» WORK REQUIRED:
Under this line are records; the part from the line containing "初音未來 - 歌姬計劃 街機版" through the line containing "Tory Burch Medium" should be repeated exactly. Please exclude pictures.

» SUPPLIED ENTRIES:
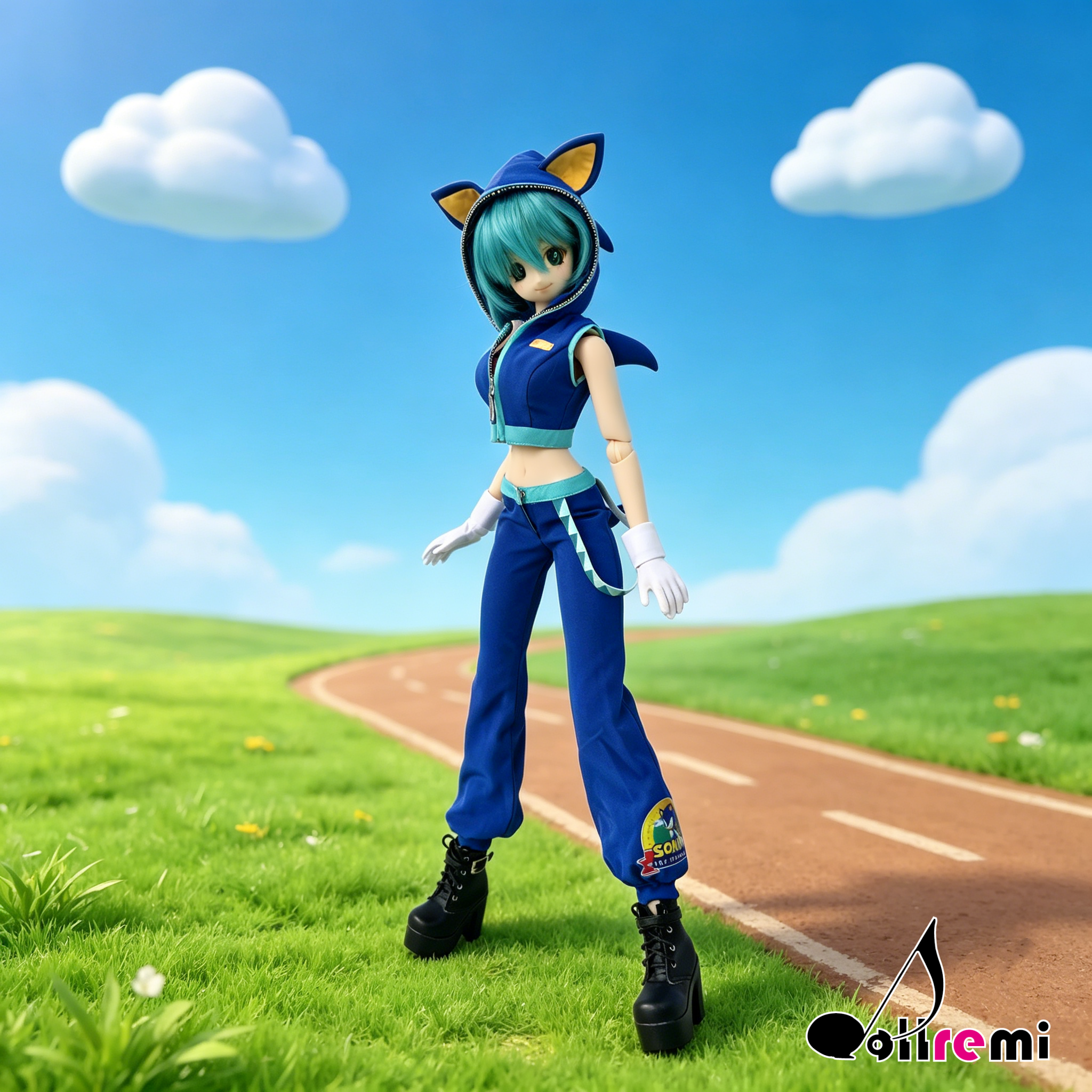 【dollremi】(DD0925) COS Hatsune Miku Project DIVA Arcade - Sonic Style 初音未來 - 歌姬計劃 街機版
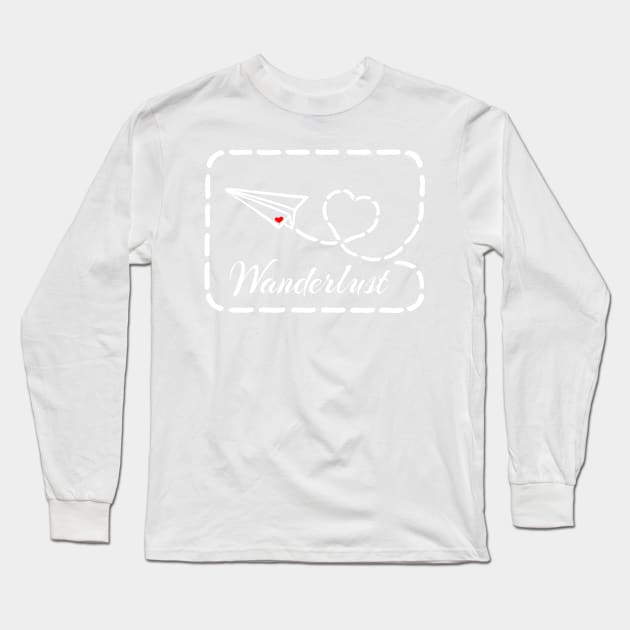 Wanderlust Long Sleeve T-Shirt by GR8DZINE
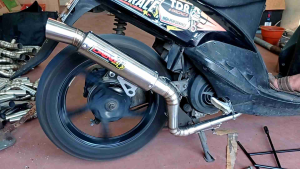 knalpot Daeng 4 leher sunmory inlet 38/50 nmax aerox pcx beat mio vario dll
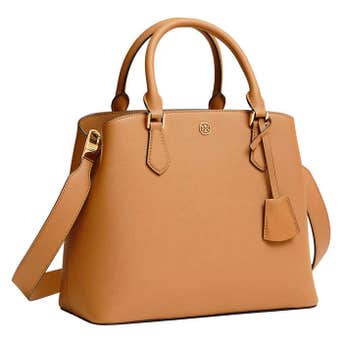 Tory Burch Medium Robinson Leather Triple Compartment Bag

==

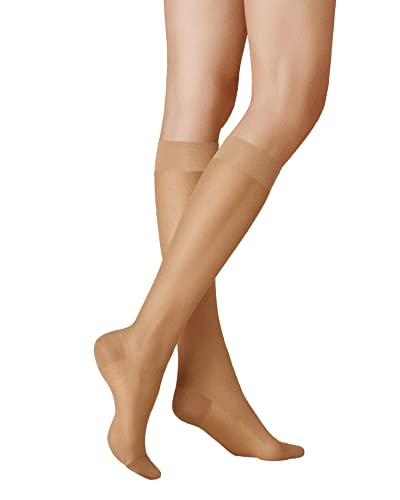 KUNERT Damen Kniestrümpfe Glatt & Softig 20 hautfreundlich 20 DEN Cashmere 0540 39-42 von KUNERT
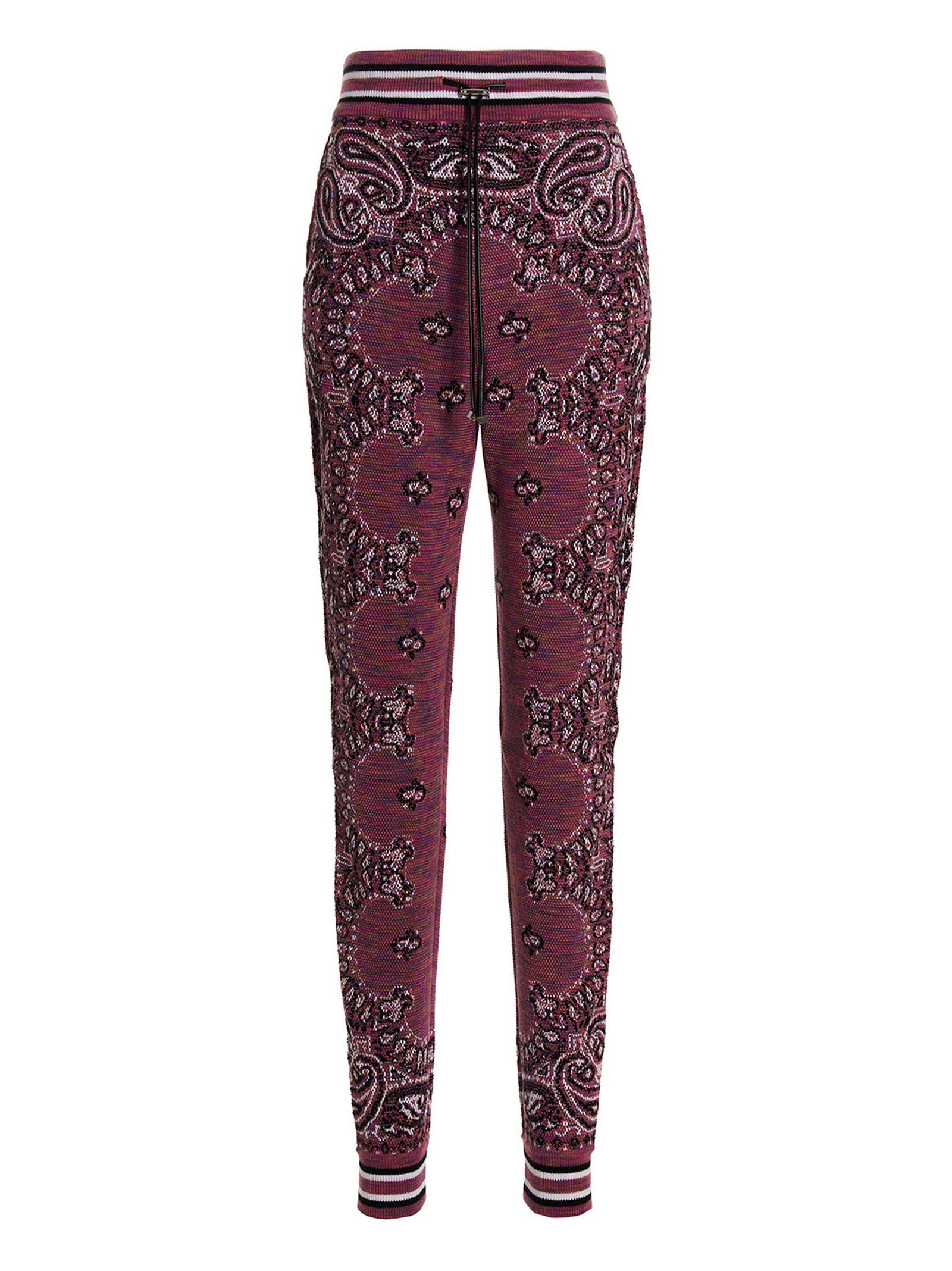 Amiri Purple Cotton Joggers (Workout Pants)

==

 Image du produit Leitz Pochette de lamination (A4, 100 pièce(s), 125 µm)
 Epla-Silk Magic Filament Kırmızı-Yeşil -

» ANSWER AREA:
 【dollremi】(DD0925) COS Hatsune Miku Project DIVA Arcade - Sonic Style 初音未來 - 歌姬計劃 街機版
 Wanderlust Long Sleeve T-Shirt by GR8DZINE
 knalpot Daeng 4 leher sunmory inlet 38/50 nmax aerox pcx beat mio vario dll
 Tory Burch Medium Robinson Leather Triple Compartment Bag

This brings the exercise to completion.